Plainly stated, the hypothesis of the authors is that if you want to be an information professional in a specialized environment…rather than in a public, school, or undergraduate academic library, or a scholar of library and information science, most…MLS programs provide little or at best inadequate preparation.  Graduates, therefore, especially in times of economic downturn, are left with a significant gap in relevant marketable skills that prospective employers in specialized organizations will find compelling.

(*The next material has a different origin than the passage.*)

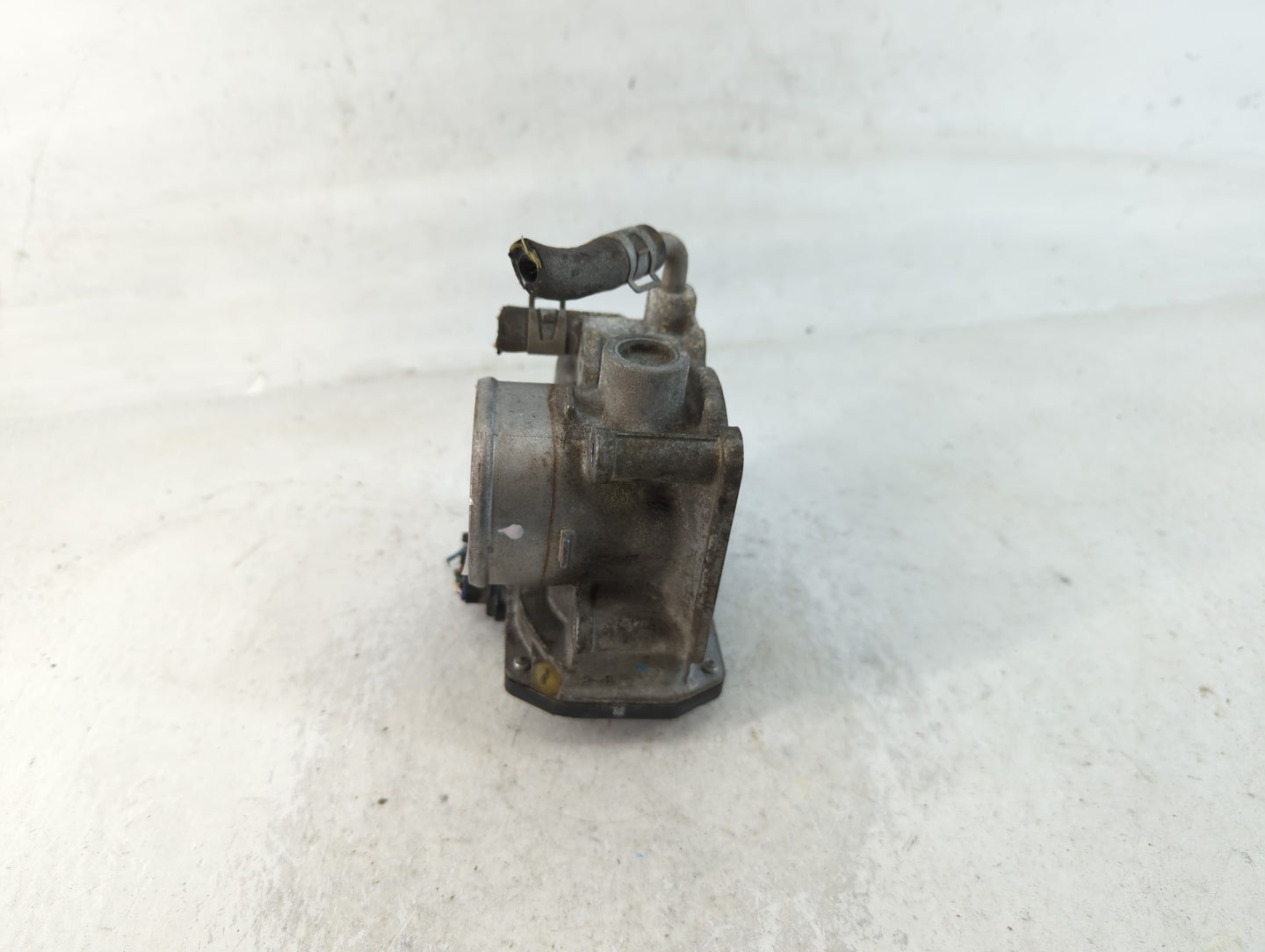 2015 Nissan Versa Note Throttle Body P/N:3AA50-02 E Fits Fits 2012 2013 2014 2016 2017 2018 2019 OEM Used Auto Parts - Oemus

[A] situation of fewer jobs and limited preparation is exacerbated when the client population being served has an increasingly sophisticated information literacy level so that an information professional must be prepared to add value beyond the basics almost immediately upon being employed.  This is nearly impossible, even with a subject specialty bachelor’s or master’s degree, unless relevant specialized courses have been taken during the MLS program.

…[T]he core concern still remains true: whether or not there will be enough [MLS] graduates who “understand the value system unique to special librarianship” (and correspondingly who know that working in a special library is quite different from public or academic service) who will be qualified to fill those jobs that do remain….

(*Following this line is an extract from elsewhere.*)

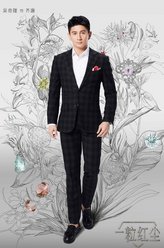 齐唐（吴奇隆饰演）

Some of the most helpful guidance a prospective special librarian can receive to define what skills they will need to succeed in a specialized library environment comes in the form of “competencies documents” developed by various information professional groups.  Associations such as the SLA [Special Libraries Association], AALL (American Association of Law Libraries), MLA (Medical Library Association), SCIP (Strategic and Competitive Intelligence Professionals), and specialized sections of ALA have published such documents in order to provide guidance for individuals as well as library school curriculum committees.

A much more dynamic integration of the various competency documents into library school curricula and with a continually reinforced understanding of the value of aligning with an employer’s vision and mission incorporated into coursework, our profession can reinforce the value special librarians can contribute across all sectors, especially in for-profit organizations, and can create a more pragmatic path to employment for MLS graduates.  These ideas may well be too blue sky for the realities of today’s library school budgets and employer appetites for hiring special librarians.  Regardless of the prognostications of some, however, the authors do not believe that special librarians, particularly in profit-based organizations, are headed for terminal irrelevance.  With that baseline in mind, more discussion resulting in concrete actions around these topics could finally lead to making some progress….


James Matarazzo

 

 

James M. Matarazzo, PhD, is dean and professor emeritus at the Graduate School of Library and Information Science at Simmons College, Boston, MA.  His previous books include Closing the Corporate Library: Case Studies on the Decision-making Process; Corporate Library Excellence; and Knowledge and Special Libraries.  He holds a doctorate from the University of Pittsburgh School of Information.  Matarazzo is a Fellow of the Special Libraries Association.

 

Toby Pearlstein

 

Toby Pearlstein, PhD, is retired director of global information services for Bain & Company, Inc., a strategic management consulting firm.  She recently coauthored a series of articles in Searcher magazine on survival skills for information professionals.  Pearlstein holds a doctorate from the Graduate School of Library and Information Science at Simmons College. She is a Fellow of the Special Libraries Association and a member of the SLA Hall of Fame.